An all-electric ferry capable of carrying roughly 30 vehicles and 200 passengers has completed its maiden voyage.
Toward the end of last week, the e-ferry Ellen crossed waters between the ports of Soby and Fynshav, which are located on the islands of Aero and Als in the south of Denmark.
The ship is powered by a battery system with a capacity of 4.3 megawatt hours, which was supplied by Switzerland-headquartered energy storage firm Leclanche.
In a statement last week, Leclanche said the e-ferry Ellen, which it described as the world’s biggest all-electric ferry, was expected to be fully operational in the next few weeks. Leclanche CEO Anil Srivastava described the ship as “the precursor to a new era in the commercial marine sector.”
He added that over the course of one year the ferry would stop the release of 2,000 tons of carbon dioxide, 2.5 tons of particulates and 1.4 tons of sulfur dioxide.
The development of electric ferries like the Ellen comes at a time when the International Maritime Organization is preparing to introduce new regulations relating to sulfur oxide emissions, as efforts are made to tackle pollution in the sector. In January 2020, the IMO will ban shipping vessels using fuel with a sulfur content higher than 0.5%, compared to levels of 3.5% at present.
“This project demonstrates that today we can replace fossil fuel thermal drives with clean energy, and thus contribute to the fight against global warming and pollution for the well-being of our communities,” Leclanche’s Srivastava said.
According to those behind the e-ferry project, which has received funding from the European Union, the Ellen is able to sail as much as 22 nautical miles (approximately 25.3 miles) between charges.

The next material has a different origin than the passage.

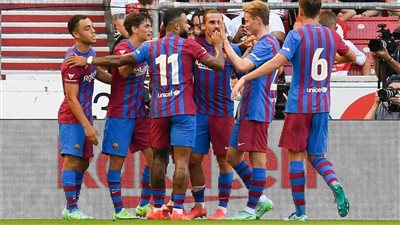 لاعب برشلونة يدخن الشيشة في أحد المقاهي.. والجماهير غاضبة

It is the latest example of innovative technologies powering larger-scale forms of transport. In September 2018, European railway manufacturer Alstom launched what it described as the world’s first hydrogen fuel cell train.
The French business said that the Coradia iLint used fuel cells that turn hydrogen and oxygen into electricity. In terms of speed, the train can travel up to 140 kilometers per hour.